[Crawled caption data]
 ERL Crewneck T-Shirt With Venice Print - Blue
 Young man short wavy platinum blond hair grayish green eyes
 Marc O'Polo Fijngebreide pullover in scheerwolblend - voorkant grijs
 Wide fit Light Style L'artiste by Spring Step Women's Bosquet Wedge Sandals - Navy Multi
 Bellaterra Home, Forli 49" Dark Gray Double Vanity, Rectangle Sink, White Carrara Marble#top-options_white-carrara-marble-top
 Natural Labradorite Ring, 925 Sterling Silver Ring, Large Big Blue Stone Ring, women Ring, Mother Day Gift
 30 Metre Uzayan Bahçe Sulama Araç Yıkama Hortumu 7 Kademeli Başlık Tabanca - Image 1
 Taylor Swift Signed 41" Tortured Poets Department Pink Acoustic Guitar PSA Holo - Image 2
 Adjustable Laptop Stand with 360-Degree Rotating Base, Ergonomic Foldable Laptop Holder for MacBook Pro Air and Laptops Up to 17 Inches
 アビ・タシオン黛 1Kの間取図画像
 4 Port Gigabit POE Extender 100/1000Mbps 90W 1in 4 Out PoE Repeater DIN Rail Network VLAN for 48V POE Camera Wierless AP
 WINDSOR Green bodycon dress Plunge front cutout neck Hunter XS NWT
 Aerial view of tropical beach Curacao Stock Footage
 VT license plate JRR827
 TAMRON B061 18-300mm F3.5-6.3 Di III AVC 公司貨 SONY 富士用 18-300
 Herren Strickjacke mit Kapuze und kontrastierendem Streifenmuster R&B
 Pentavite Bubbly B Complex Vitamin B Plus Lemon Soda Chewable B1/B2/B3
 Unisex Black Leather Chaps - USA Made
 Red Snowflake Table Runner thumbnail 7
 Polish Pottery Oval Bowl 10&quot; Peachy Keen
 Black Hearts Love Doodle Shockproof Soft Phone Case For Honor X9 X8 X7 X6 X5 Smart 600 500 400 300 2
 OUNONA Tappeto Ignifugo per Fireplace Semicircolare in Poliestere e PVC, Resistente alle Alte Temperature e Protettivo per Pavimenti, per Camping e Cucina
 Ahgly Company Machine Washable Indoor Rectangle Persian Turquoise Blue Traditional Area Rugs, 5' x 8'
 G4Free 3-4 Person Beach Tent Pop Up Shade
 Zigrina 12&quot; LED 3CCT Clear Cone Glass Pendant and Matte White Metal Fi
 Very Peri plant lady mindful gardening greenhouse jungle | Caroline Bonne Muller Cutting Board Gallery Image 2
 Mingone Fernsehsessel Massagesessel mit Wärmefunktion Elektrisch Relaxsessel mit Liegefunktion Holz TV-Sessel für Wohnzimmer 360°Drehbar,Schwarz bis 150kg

* **Work instruction**: Every record here must be output exactly, word for word.

* **Task response**:
 ERL Crewneck T-Shirt With Venice Print - Blue
 Young man short wavy platinum blond hair grayish green eyes
 Marc O'Polo Fijngebreide pullover in scheerwolblend - voorkant grijs
 Wide fit Light Style L'artiste by Spring Step Women's Bosquet Wedge Sandals - Navy Multi
 Bellaterra Home, Forli 49" Dark Gray Double Vanity, Rectangle Sink, White Carrara Marble#top-options_white-carrara-marble-top
 Natural Labradorite Ring, 925 Sterling Silver Ring, Large Big Blue Stone Ring, women Ring, Mother Day Gift
 30 Metre Uzayan Bahçe Sulama Araç Yıkama Hortumu 7 Kademeli Başlık Tabanca - Image 1
 Taylor Swift Signed 41" Tortured Poets Department Pink Acoustic Guitar PSA Holo - Image 2
 Adjustable Laptop Stand with 360-Degree Rotating Base, Ergonomic Foldable Laptop Holder for MacBook Pro Air and Laptops Up to 17 Inches
 アビ・タシオン黛 1Kの間取図画像
 4 Port Gigabit POE Extender 100/1000Mbps 90W 1in 4 Out PoE Repeater DIN Rail Network VLAN for 48V POE Camera Wierless AP
 WINDSOR Green bodycon dress Plunge front cutout neck Hunter XS NWT
 Aerial view of tropical beach Curacao Stock Footage
 VT license plate JRR827
 TAMRON B061 18-300mm F3.5-6.3 Di III AVC 公司貨 SONY 富士用 18-300
 Herren Strickjacke mit Kapuze und kontrastierendem Streifenmuster R&B
 Pentavite Bubbly B Complex Vitamin B Plus Lemon Soda Chewable B1/B2/B3
 Unisex Black Leather Chaps - USA Made
 Red Snowflake Table Runner thumbnail 7
 Polish Pottery Oval Bowl 10&quot; Peachy Keen
 Black Hearts Love Doodle Shockproof Soft Phone Case For Honor X9 X8 X7 X6 X5 Smart 600 500 400 300 2
 OUNONA Tappeto Ignifugo per Fireplace Semicircolare in Poliestere e PVC, Resistente alle Alte Temperature e Protettivo per Pavimenti, per Camping e Cucina
 Ahgly Company Machine Washable Indoor Rectangle Persian Turquoise Blue Traditional Area Rugs, 5' x 8'
 G4Free 3-4 Person Beach Tent Pop Up Shade
 Zigrina 12&quot; LED 3CCT Clear Cone Glass Pendant and Matte White Metal Fi
 Very Peri plant lady mindful gardening greenhouse jungle | Caroline Bonne Muller Cutting Board Gallery Image 2
 Mingone Fernsehsessel Massagesessel mit Wärmefunktion Elektrisch Relaxsessel mit Liegefunktion Holz TV-Sessel für Wohnzimmer 360°Drehbar,Schwarz bis 150kg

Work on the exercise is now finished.